Every dollar dedicated to affordable housing in DC counts, so it’s great news that the District is taking important steps to strengthen oversight of the Housing Production Trust Fund, our main housing tool. A few months after the DC Auditor called for stepped-up monitoring of affordable housing projects assisted by the fund, the city is on the right track to address the problems, including providing more staff to do the job right. The District should continue to move quickly to implement the audit’s recommendations.
The audit report, released in March, found several lapses in DC’s oversight of 14 affordable housing projects that received loans from the Housing Production Trust Fund. While there’s reason to believe the problems are limited to a subset of higher-risk projects that received only Trust Fund assistance (other financing sources often used in combination with the Trust Fund have clear-cut oversight procedures)—it’s unacceptable that any project didn’t fully live up to its requirements to provide affordable housing.
That’s why it’s promising news that the Department of Housing and Community Development (DHCD) is taking several steps to respond to the audit. Perhaps most important, DHCD will have five more staff to oversee the Trust Fund and other affordable housing projects in fiscal year 2018. Inadequate staffing was a key reason projects slipped through the cracks, according to the audit. Mayor Bowser included funds for the additional staff in her proposed budget, and the DC Council supported this in its final budget vote earlier this week.
The added staff will help DHCD revamp its oversight of Trust Fund projects and implement the audit’s recommendations. DHCD already has started to clarify how those staff will manage Trust Fund projects, by applying the rigorous oversight procedures that the District applies to federally funded housing projects.

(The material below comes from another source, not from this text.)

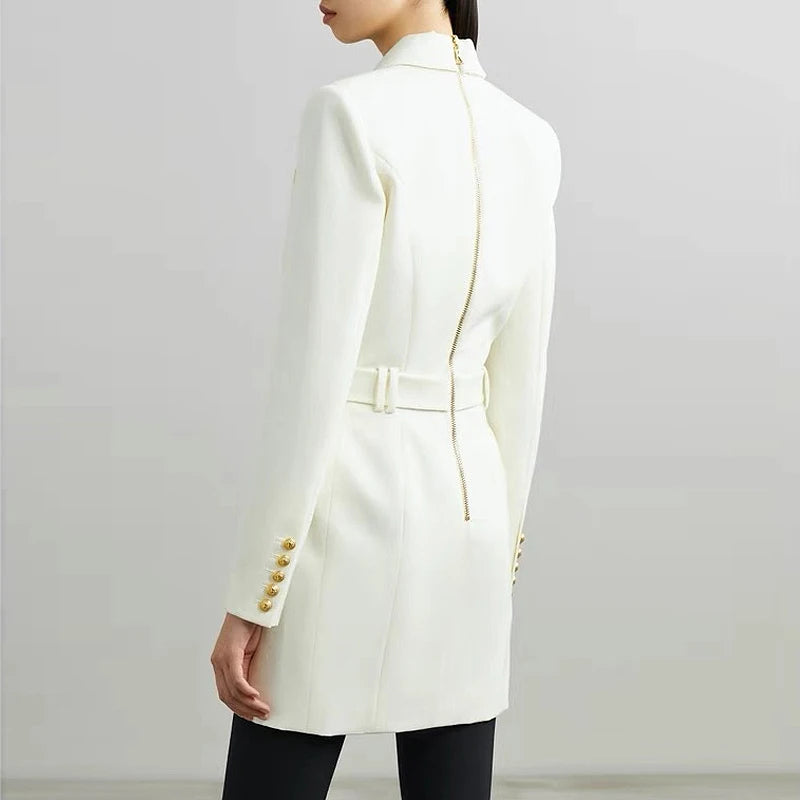 Suit Skirt Spring And Autumn New Temperament Ladies High-quality Waist And High Goddess Professional Suit Dress Jacket Female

The audit also revealed a lack of consistent historical data on the number and amount of Housing Production Trust Fund loans. The DC Auditor, Chief Financial Officer, and DHCD are now working to review all the loan agreements (many of which haven’t ever been digitized) to compile an accurate and authoritative dataset.
The Housing Production Trust Fund is the cornerstone of DC’s affordable housing efforts, so it’s important to stay on track, and get this housing tool right. DHCD should keep up its work with the DC Auditor and the CFO. And when FY 2018 begins, DHCD should fill the newly funded staff positions quickly, and consider dedicating at least one employee entirely to improving Trust Fund oversight procedures.